Prompt:
Exactly the lines below, starting with the one containing "Cassette Tape Surgery Shirt Classic T-Shirt" and going on through the one containing "Preview for 27", must be reproduced, both ends included, and no pictures with them.

Excerpted records:
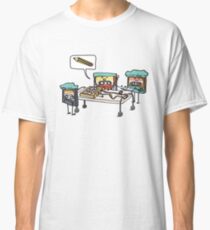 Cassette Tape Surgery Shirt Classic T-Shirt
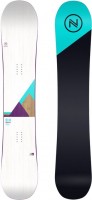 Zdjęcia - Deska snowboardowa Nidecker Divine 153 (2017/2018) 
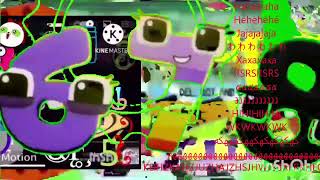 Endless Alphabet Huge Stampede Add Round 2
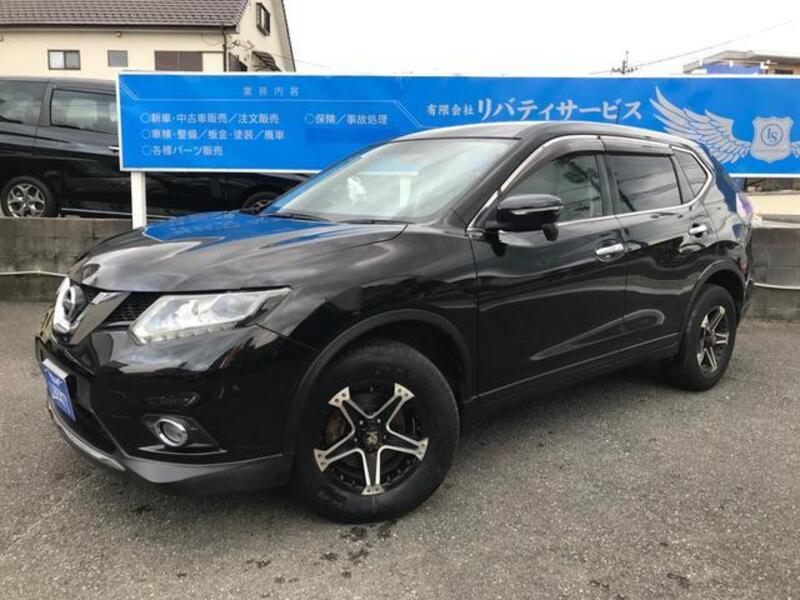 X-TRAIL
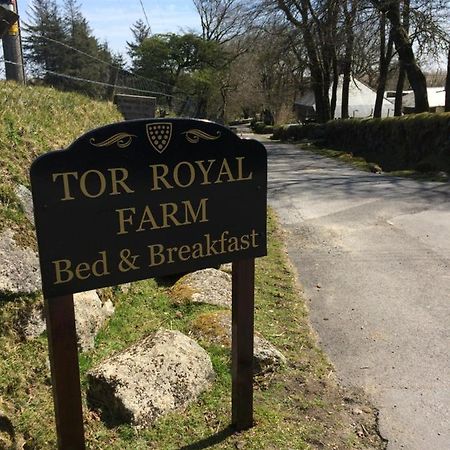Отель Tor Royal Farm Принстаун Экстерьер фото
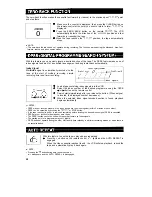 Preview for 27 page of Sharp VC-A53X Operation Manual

---

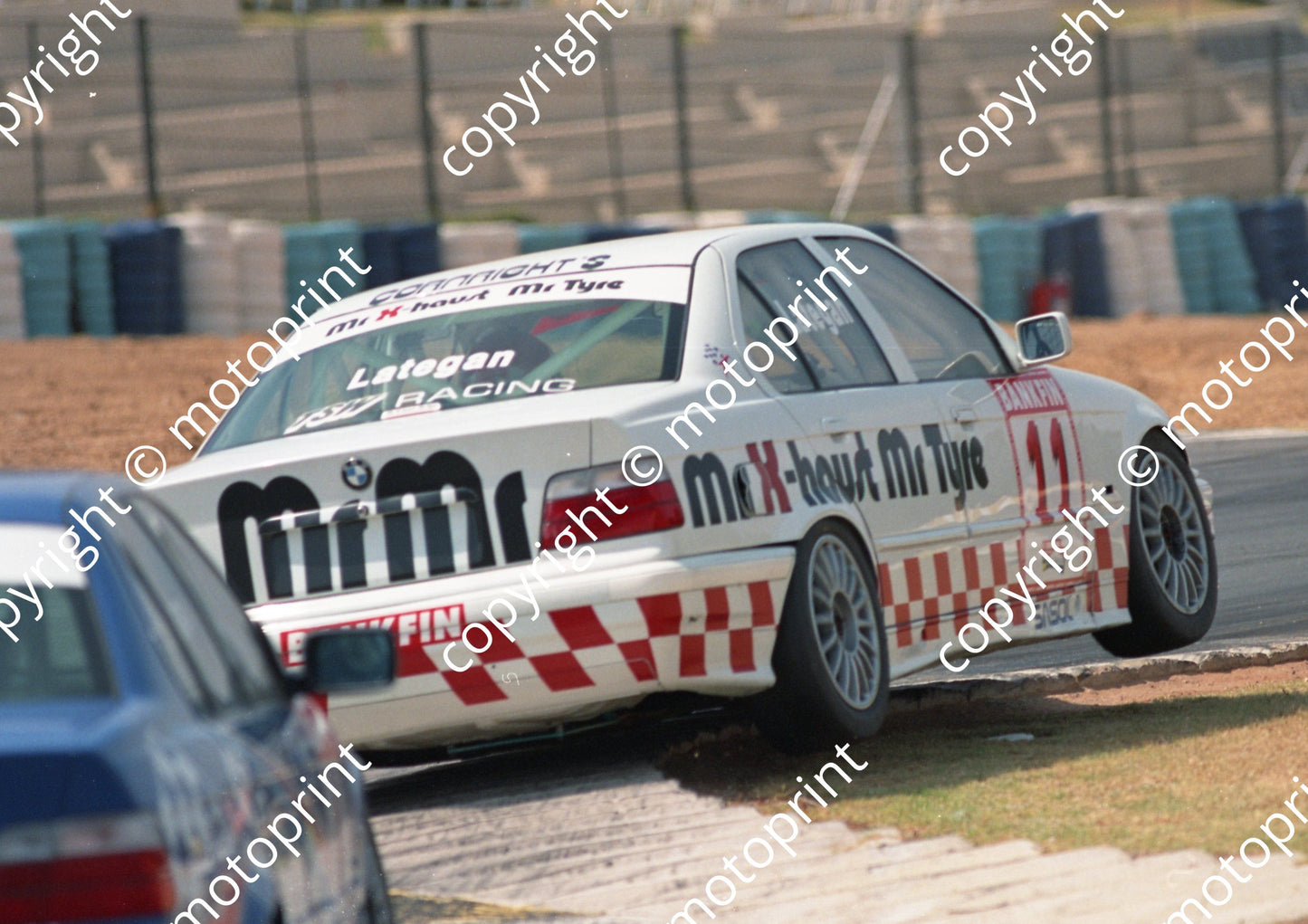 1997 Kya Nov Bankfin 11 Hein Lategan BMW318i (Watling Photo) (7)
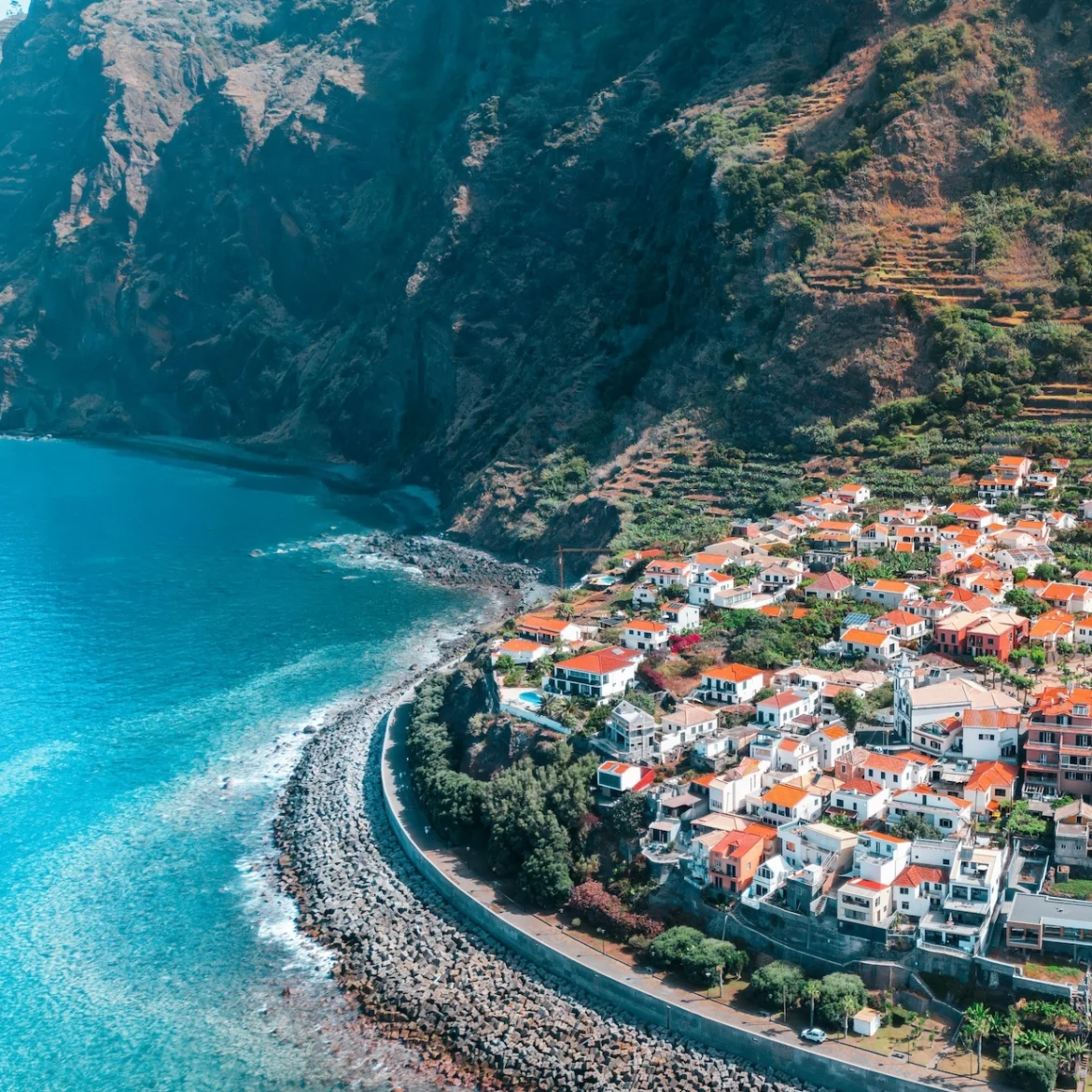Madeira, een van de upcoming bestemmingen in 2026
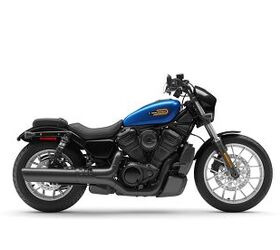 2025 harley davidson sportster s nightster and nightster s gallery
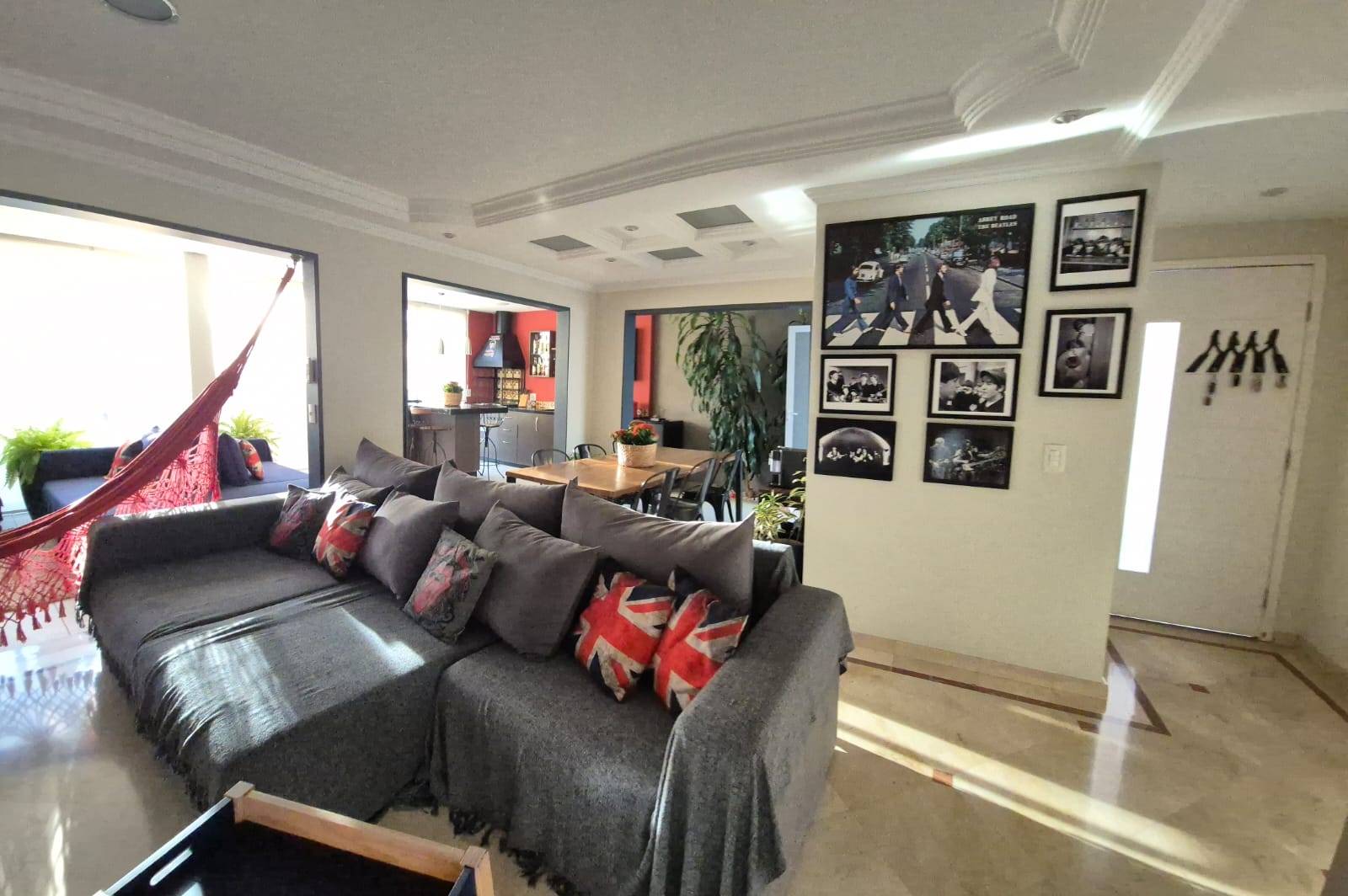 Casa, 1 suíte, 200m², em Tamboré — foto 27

---

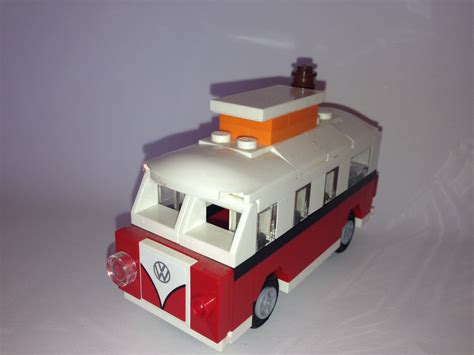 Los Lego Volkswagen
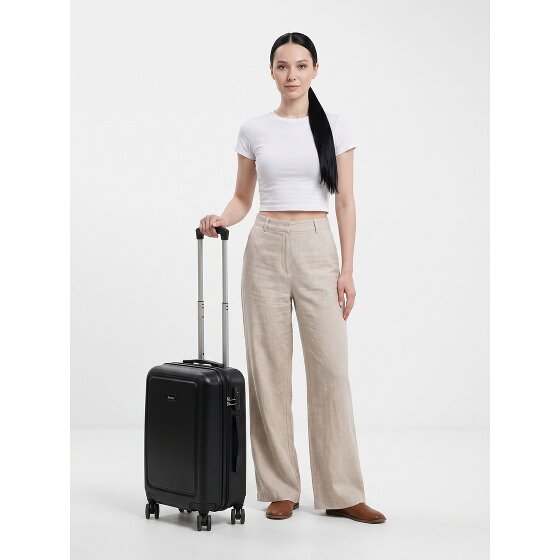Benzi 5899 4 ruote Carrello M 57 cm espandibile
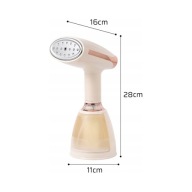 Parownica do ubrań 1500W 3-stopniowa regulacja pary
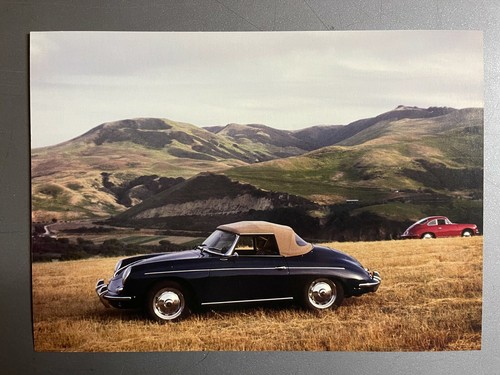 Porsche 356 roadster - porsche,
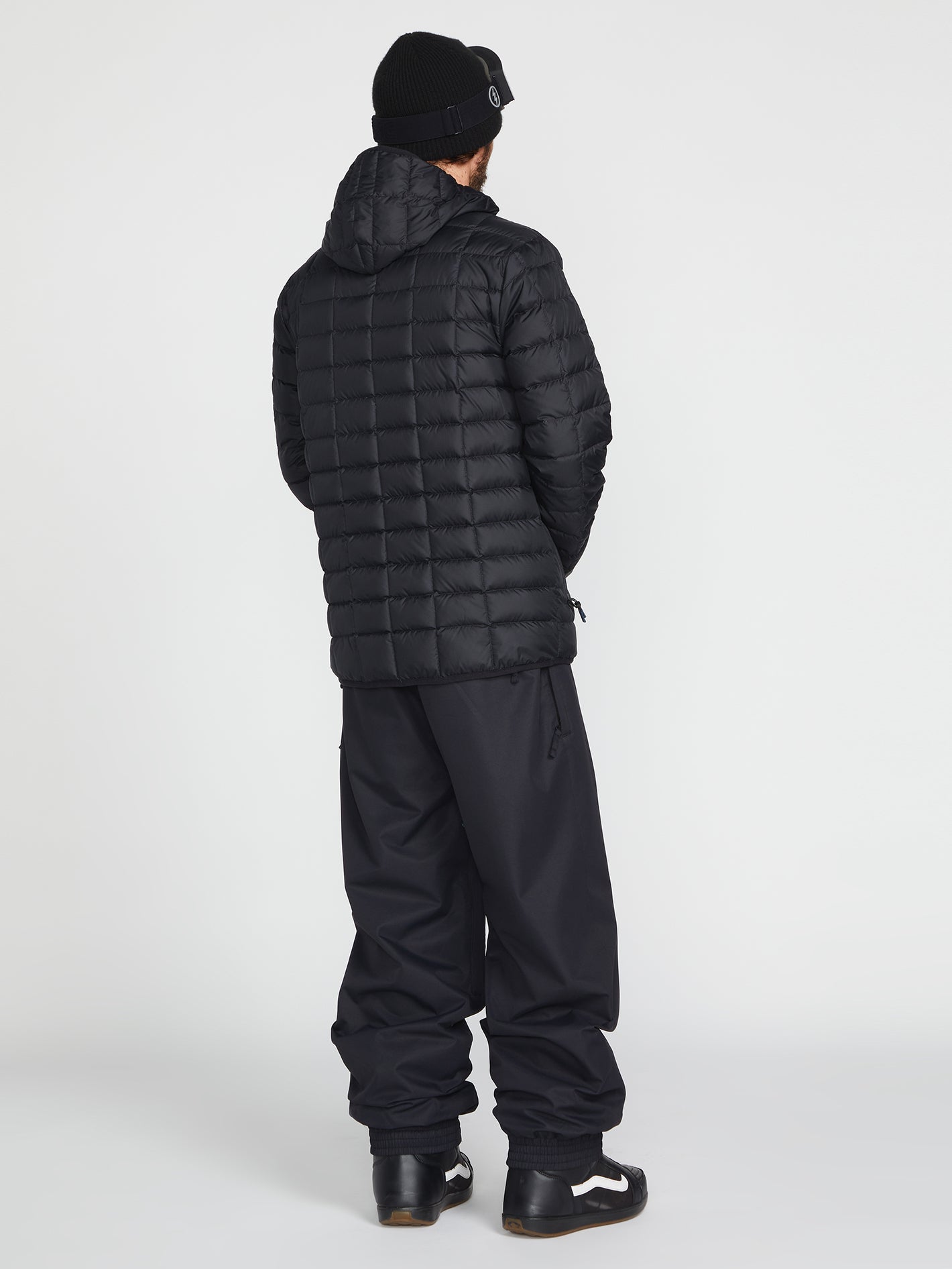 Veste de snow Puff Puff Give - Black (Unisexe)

Response:
 Cassette Tape Surgery Shirt Classic T-Shirt
 Zdjęcia - Deska snowboardowa Nidecker Divine 153 (2017/2018) 
 Endless Alphabet Huge Stampede Add Round 2
 X-TRAIL
Отель Tor Royal Farm Принстаун Экстерьер фото
 Preview for 27 page of Sharp VC-A53X Operation Manual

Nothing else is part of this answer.